I was hired to start Troy Community Farm in May of 2001. Those first years were spent clearing brush and preparing the soil for production while also gathering CSA members and establishing some basic infrastructure. In 2002, we served our first 14 CSA members. In 2012 we will serve over 160, as well as our on-site farm stand and a number of Madison grocery stores and restaurants. Though we still grow food on only three of our five farm acres each year, our business has changed and grown dramatically.

One of the most important points in our farm history came in 2008.

Though I am slightly embarrassed to admit it, it was then that I was introduced to the concept of peak oil. I had learned in sixth grade along with everyone else that oil and coal and natural gas are non-renewable fuels that will run out one day. But the concept of peak oil, the concept that one day we will reach the peak of global oil production and then production will begin to decline, was new to me.

And in 2008 when the price of oil and heat and even food began to skyrocket, it felt like I needed to do something to prepare for the post-peak decline.

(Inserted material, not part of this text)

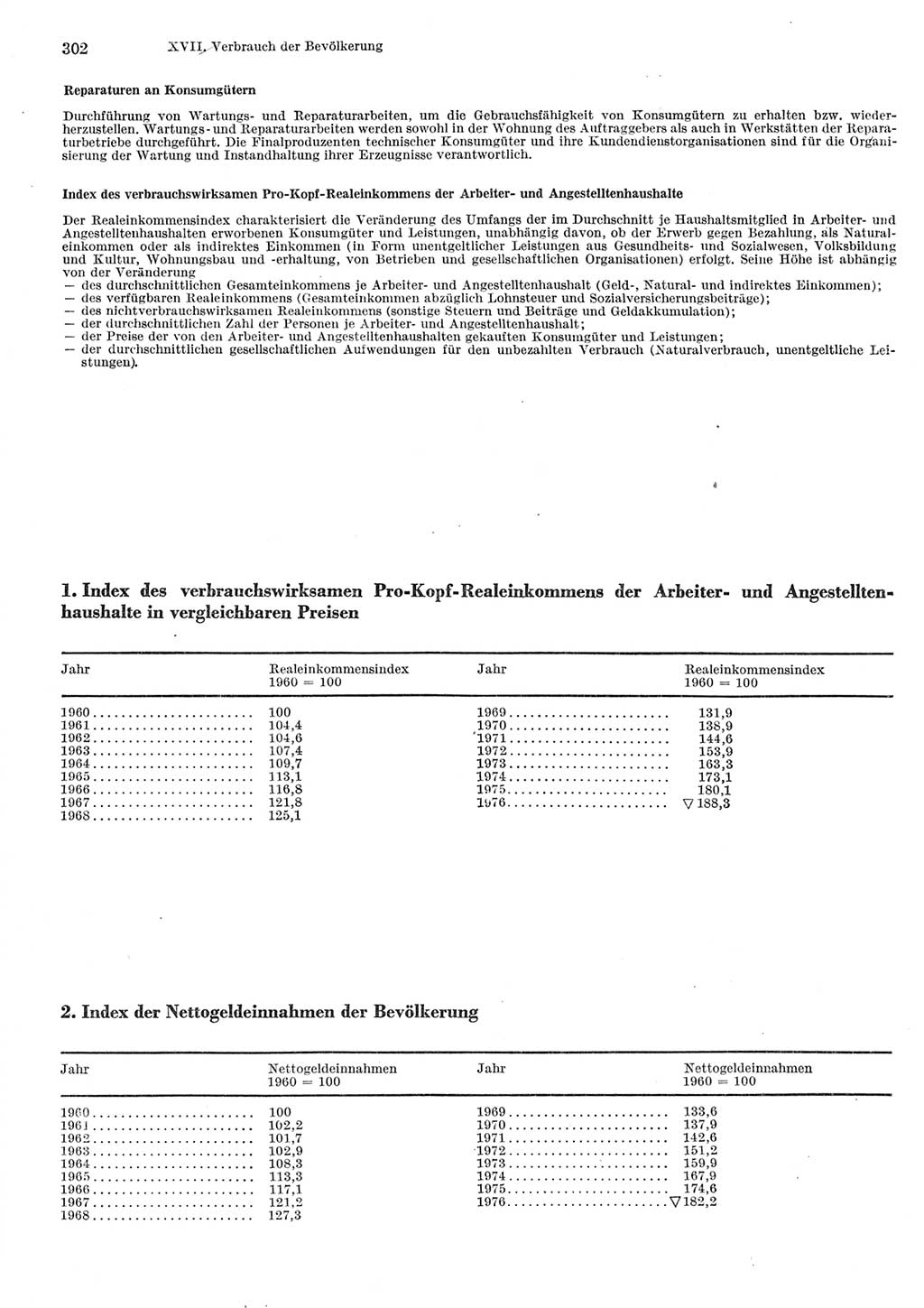 Statistisches Jahrbuch der Deutschen Demokratischen Republik (DDR) 1977, Seite 302 (Stat. Jb. DDR 1977, S. 302)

So, we made two important decisions at the farm. First, influenced by Richard Heinberg’s article “Fifty Million Farmers,” we decided to expand and improve our farm internship program. In his article, Heinberg argues that if we are going to feed ourselves in a world where we have less oil to run tractors, transport food, and make fertilizers and pesticides, then we are going to need more farmers growing more intensively closer to our centers of population. I had always had interns on the farm, but in 2008 I decided to really take on intern education as a main focus. I added a series of formal classes, weekly field tours, and a second-year intern tack that vastly expanded the concepts and variety of work that interns are exposed to each year. Our goal with the program is to give interns a solid foundation in organic agriculture with an emphasis on hand tools, reduced off-farm inputs, and of course intensive production in an urban setting where land is limited.

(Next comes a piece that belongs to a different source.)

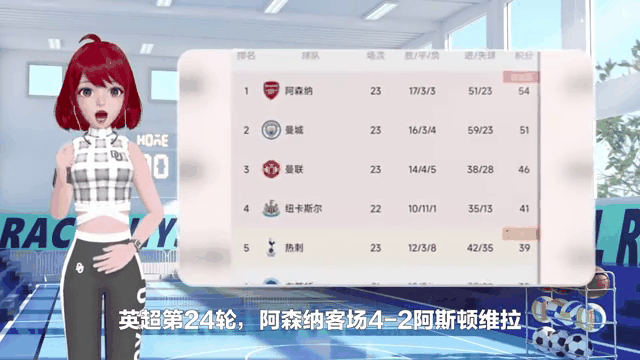 英超积分榜蓝月军团取胜缩小与枪手分差的简单介绍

The second decision was to build a passive solar greenhouse at Troy Gardens. Ever since the farm started, we had been growing transplants in a small hoophouse in my backyard. We needed to build some kind of greenhouse at Troy, and it seemed natural that we would build a typical structure with gas heat and automated fans and any other amenities we could afford. But with this concept of peak oil in the back of my mind, I began to wonder if we should instead build an alternative greenhouse that would rely primarily on the sun. It was easier said than done, but in 2011 we grew our first transplants in our new unheated greenhouse. In fact, we grew more transplants than we ever had before. It took a different level of skill and a fair bit more work, but in the end the plants looked good. We even held our first annual plant sale and sold thousands of extra plants that we grew without the use of fossil fuel heat.

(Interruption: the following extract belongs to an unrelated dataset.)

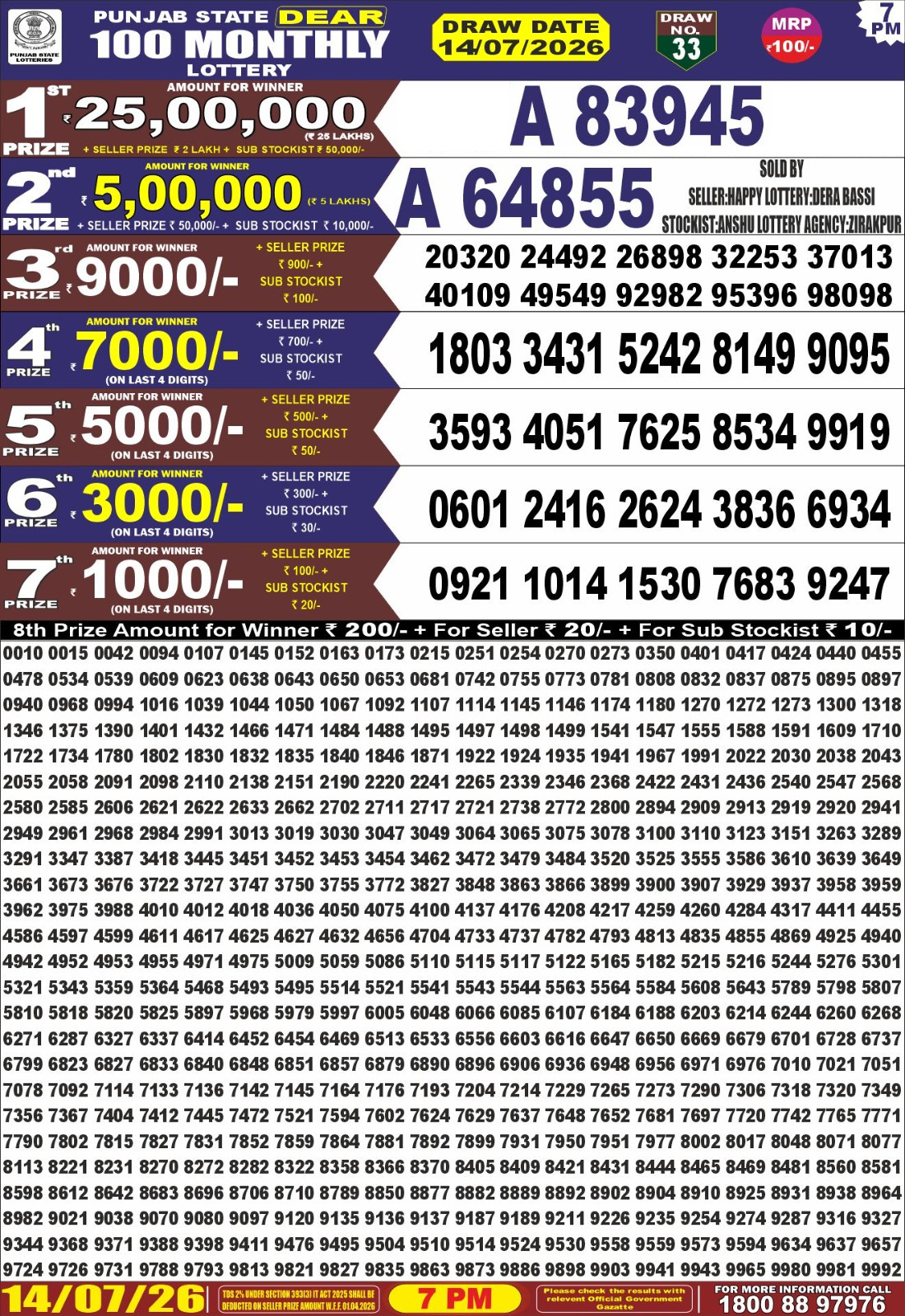 Today Lottery Sambad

Now most all the decisions we make on the farm are influenced by our belief that in order to be successful and sustainable in the long term, we must reduce our reliance on off-farm inputs including fossil fuels. We do most everything on the by hand. We transplant and weed and harvest all with our hands. We grow our own fertility with many different cover crops; and we are even exploring growing our own mulch.

As winter—the season of planning and setting up crop trials and developing classes—comes to an end, I am looking forward to getting back out into the field. Another great thing about farming is that every year I get to start fresh. I get another chance to grow the best melons my members have ever tasted. I get another shot at pulling out all our weeds before they go to seed and make more babies for the next year. And I get a whole new crew of interns who are excited about growing food and whom I might both inspire and equip to actually become farmers. One of the things that I hope to convey every year is that while farming can be difficult in many ways, nothing else can compare in terms of the joy and satisfaction that come from being able to feed yourself and your community.